El artefacto que construyó Phillips en un garaje de Croydon era un producto de la posguerra, literalmente, porque lo hizo con piezas sobrantes de los bombarderos que entonces estaban en el desguace. Después de probar con alcohol y melaza para representar el dinero, llegó a la conclusión de que el capital no era ni dulce ni tóxico y que a lo que más se parecía era al agua. Del tanque del presupuesto salía el líquido coloreado por tuberías reguladas por diferentes válvulas que se abrían más o menos en función del gasto, el ahorro, los impuestos, la inversión o las exportaciones. La idea no era solo representar la economía para que los estudiantes comprendiesen su mecánica; Phillips pensaba que su máquina podía servir para que los políticos probasen sus ideas antes de ponerlas en práctica. Y la cosa funcionaba, incluso a veces demasiado bien. A una de sus presentaciones públicas asistieron en una ocasión el ministro de Finanzas y el gobernador del Banco de Inglaterra. Phillips puso al primero a controlar los grifos de la presión fiscal y el gasto, y al otro, el de los tipos de interés. El agua se desbordó y el suelo acabó empapado.
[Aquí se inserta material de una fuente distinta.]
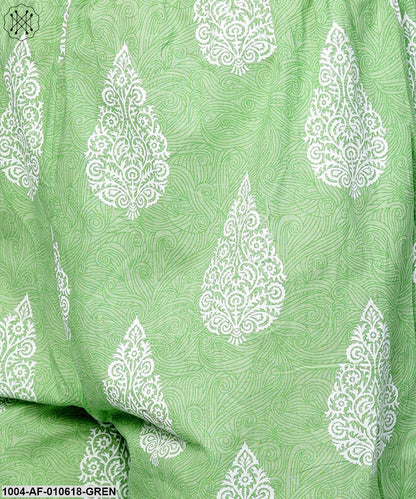 Women Green Three-Quarter Sleeves V-Neck A-Line Pure Cotton Kurta And Palazzos Set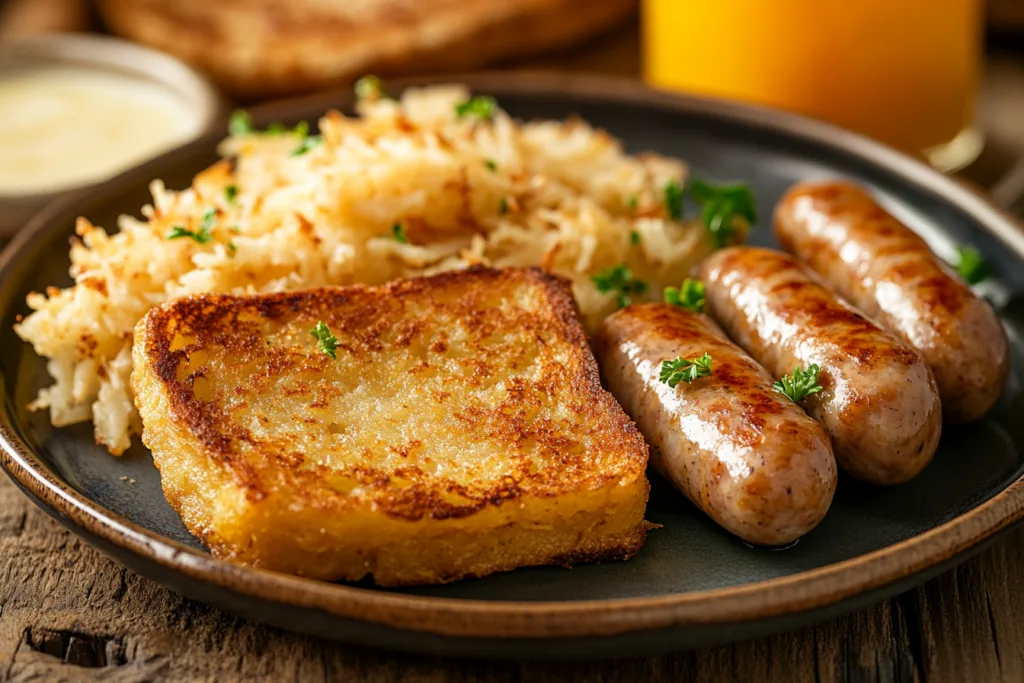 A breakfast plate with golden hash browns, buttered toast, and sausages.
Para ser más precisos, la máquina de Phillips, en realidad, no era un modelo de la economía, sino el de su interpretación keynesiana que estaba entonces en boga. Tenía sus limitaciones: no había grifos para considerar la inflación ni los vaivenes del crédito. De modo que, cuando se pusieron de moda las políticas monetaristas en los años setenta, el modelo hidráulico de Phillips cayó en desuso y sus máquinas (llegó a construir más de una docena) acabaron en los sótanos de las universidades como si se tratara de trastos viejos. Sin embargo, la idea central del armatoste de Phillips era correcta, hasta se puede decir que poética: el dinero es un fluido que corre por las venas y las arterias de la economía, que a su vez es como un cuerpo humano; los excesos la enferman y su equilibro es siempre inestable. Recientemente, en medio de la crisis económica actual, alguien se acordó de la máquina de Phillips y rescató una en Cambridge para restaurarla. Lo intentaron primero los economistas, pero no eran capaces de hacerla funcionar. Al final hubo que llamar a un ingeniero mecánico, que la puso a punto sin grandes dificultades. Dijo que los economistas la habían conectado mal y que por eso no funcionaba.